In the evolving world of technology, ensuring that textual data maintains its originality and authenticity is of utmost importance. This blog article will guide you through the process of building a RESTful API that performs similarity checks on documents using Natural Language Processing (NLP). We will dive into Docker deployment for seamless execution.
Introduction
When we talk about document similarity, we refer to how closely related two pieces of text are in terms of their semantic meanings and concepts. This is crucial in areas such as plagiarism detection. Therefore, building an API that can efficiently check text similarity will bolster our tools for maintaining content integrity.
Objective
The primary goal of this API is to handle text similarity checks specifically focusing on plagiarism detection. This means understanding and comparing documents based on their content, which can enhance systems like educational assessments and editorial processes.
API Architecture
The API involves several endpoints, each responsible for a specific function, described below:
- Register a user: register (POST) – Requires username, password; Status Codes: 200: OK, 301: INVALID USERNAME
- Detect similarity of documents: detect (POST) – Requires username, password, text1, text2; Status Codes: 200: OK; RETURN SIMILARITY, 301: INVALID USERNAME, 302: INVALID PASSWORD, 303: OUT OF TOKENS
- Refill tokens: refill (POST) – Requires username, admin_pw, refill_amount; Status Codes: 200: OK, 301: INVALID USERNAME, 304: INVALID ADMIN_PW
Requirements
To build this API, you’ll need to ensure you have the following tools in place:
- spaCy: An open-source software library for advanced NLP. It simplifies Python processing.
- Flask Framework: Check how to install and run the Flask framework. Also, refer to this detailed guide.
- PyMongo: A Python distribution containing tools for working with MongoDB.
- Docker: Containerization platform for packaging applications.
- Docker-compose.yml: For orchestrating Docker containers.
Building the API
Now, let’s delve into the technical aspects of constructing our API. Think of the API as a restaurant where:
- Your users are the patrons (hungry customers) who want specific meals (similarity checks).
- The API endpoints represent the kitchen stations where different types of food (requests) are prepared – one for user registration, one for similarity detection, and another for refilling requests.

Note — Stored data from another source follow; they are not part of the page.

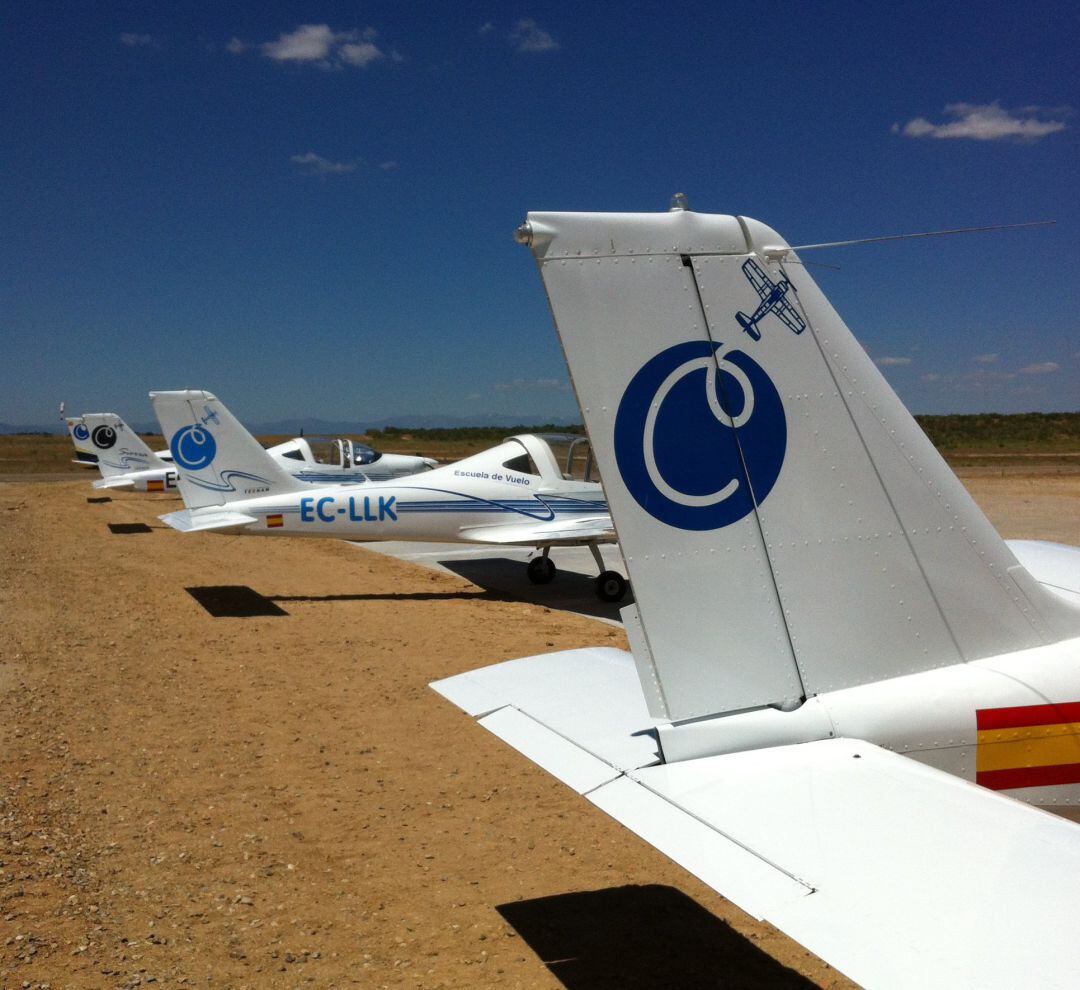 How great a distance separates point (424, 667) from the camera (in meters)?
8.77

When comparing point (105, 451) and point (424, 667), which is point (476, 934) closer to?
point (424, 667)

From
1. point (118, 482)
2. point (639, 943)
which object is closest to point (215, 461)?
point (639, 943)

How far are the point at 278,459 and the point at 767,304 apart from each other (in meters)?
17.9

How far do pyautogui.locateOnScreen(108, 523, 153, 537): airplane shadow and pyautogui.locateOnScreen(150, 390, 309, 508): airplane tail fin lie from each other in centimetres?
683

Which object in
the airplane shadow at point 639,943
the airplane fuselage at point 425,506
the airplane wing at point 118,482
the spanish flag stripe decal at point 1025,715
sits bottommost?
the airplane shadow at point 639,943

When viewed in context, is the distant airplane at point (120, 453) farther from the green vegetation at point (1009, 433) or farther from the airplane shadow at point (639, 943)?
the green vegetation at point (1009, 433)

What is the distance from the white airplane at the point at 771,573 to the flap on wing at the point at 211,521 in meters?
10.1

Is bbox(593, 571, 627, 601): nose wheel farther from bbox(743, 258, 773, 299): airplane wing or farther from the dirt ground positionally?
bbox(743, 258, 773, 299): airplane wing

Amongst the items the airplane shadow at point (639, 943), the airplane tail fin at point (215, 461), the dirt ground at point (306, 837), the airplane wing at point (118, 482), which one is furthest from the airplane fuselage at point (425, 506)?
the airplane wing at point (118, 482)

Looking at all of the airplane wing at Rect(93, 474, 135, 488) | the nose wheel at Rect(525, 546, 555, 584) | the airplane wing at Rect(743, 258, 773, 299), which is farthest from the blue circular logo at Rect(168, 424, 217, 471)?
the airplane wing at Rect(93, 474, 135, 488)

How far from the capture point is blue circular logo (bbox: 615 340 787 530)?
3104 millimetres

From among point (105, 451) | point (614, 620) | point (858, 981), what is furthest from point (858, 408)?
point (105, 451)

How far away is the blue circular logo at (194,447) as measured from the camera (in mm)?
13320

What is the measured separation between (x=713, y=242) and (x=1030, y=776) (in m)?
2.22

- The actual cooking (execution of the API) happens only when orders come in (requests are made) and the chefs (your server functions) take care of the rest!
Troubleshooting
If you encounter issues while setting up or running the API, consider the following pointers:
- Ensure that all dependencies are correctly installed.
- Double-check your API endpoints for proper routing.
- Check the configurations in your Docker-compose file for any discrepancies.
- Review your MongoDB connection settings.
- If you have questions or issues, feel free to reach out for help. For more insights, updates, or to collaborate on AI development projects, stay connected with fxis.ai.
Conclusion
Congratulations! You’ve learned to create a RESTful API aimed at checking document similarity using NLP techniques. At fxis.ai, we believe that such advancements are crucial for the future of AI, as they enable more comprehensive and effective solutions. Our team is continually exploring new methodologies to push the envelope in artificial intelligence, ensuring that our clients benefit from the latest technological innovations.